● **REQUIREMENT**: Output the whole listing below exactly, omitting the images.

● **DATA SECTION**:
++++++
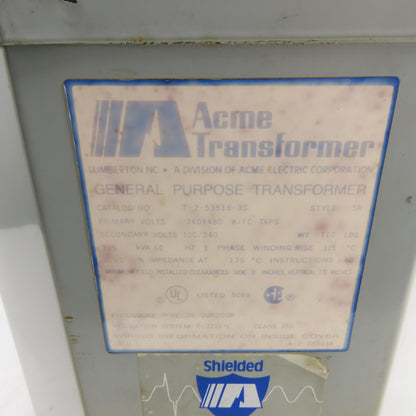 Acme T-2-53515-3S General Purpose Transformer 7.5kVA 240/480V Pri 120/240V Sec
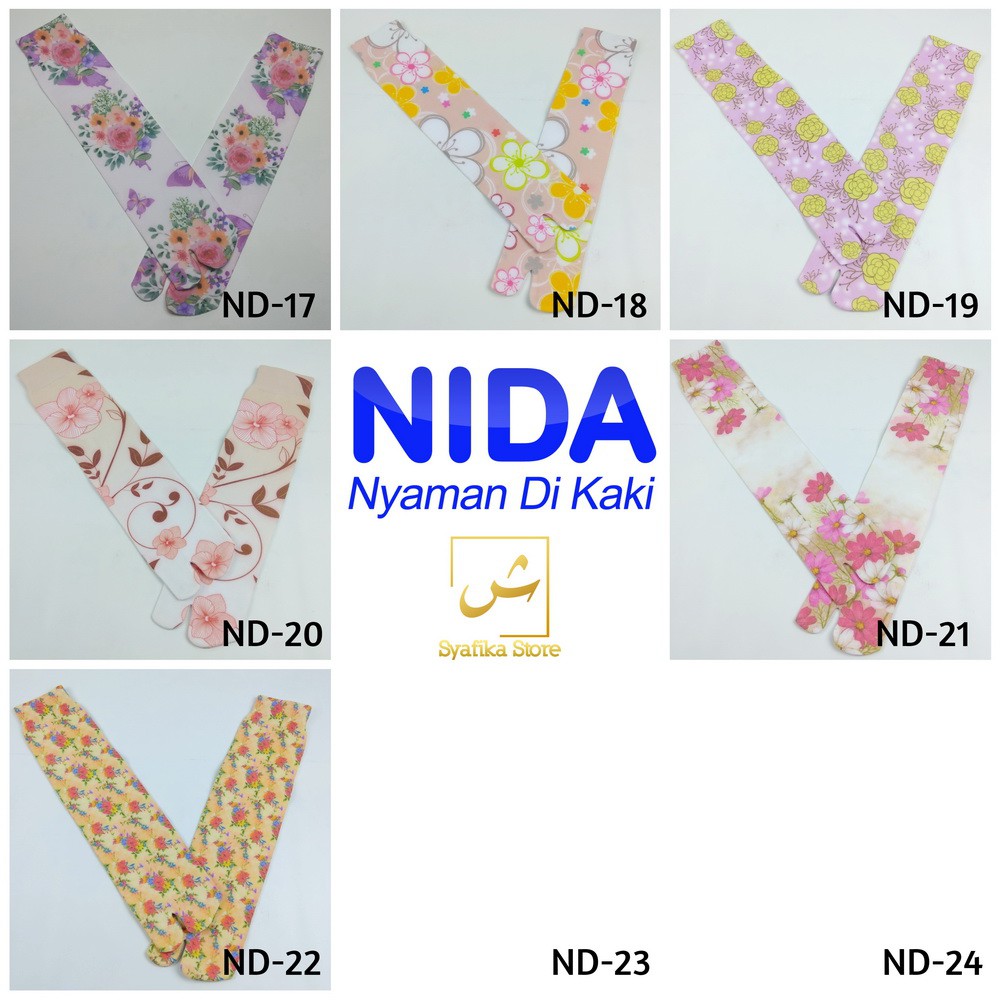 Kaos Kaki Jempol Wanita Muslimah Motif Full Printing Nida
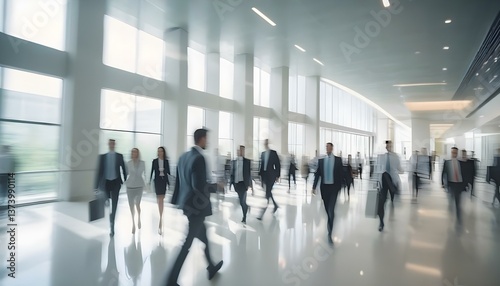Modern office interior with busy business people walking around. Long exposure, blurred silhouettes. Suitable for university, collage, campus or airport modern space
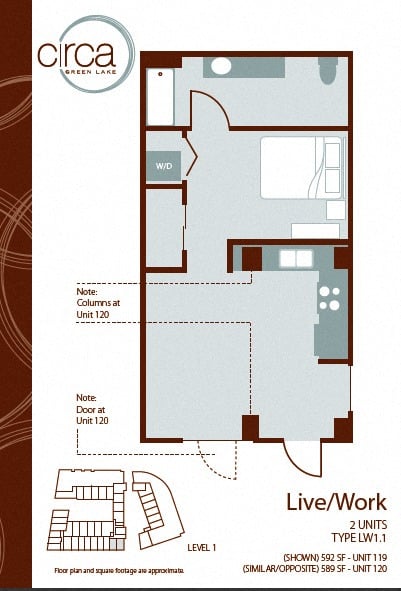 Floor plan layout diagram for Live/Work LW1.1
++++++
● **RESPONSE**:
 Acme T-2-53515-3S General Purpose Transformer 7.5kVA 240/480V Pri 120/240V Sec
 Kaos Kaki Jempol Wanita Muslimah Motif Full Printing Nida
Modern office interior with busy business people walking around. Long exposure, blurred silhouettes. Suitable for university, collage, campus or airport modern space
 Floor plan layout diagram for Live/Work LW1.1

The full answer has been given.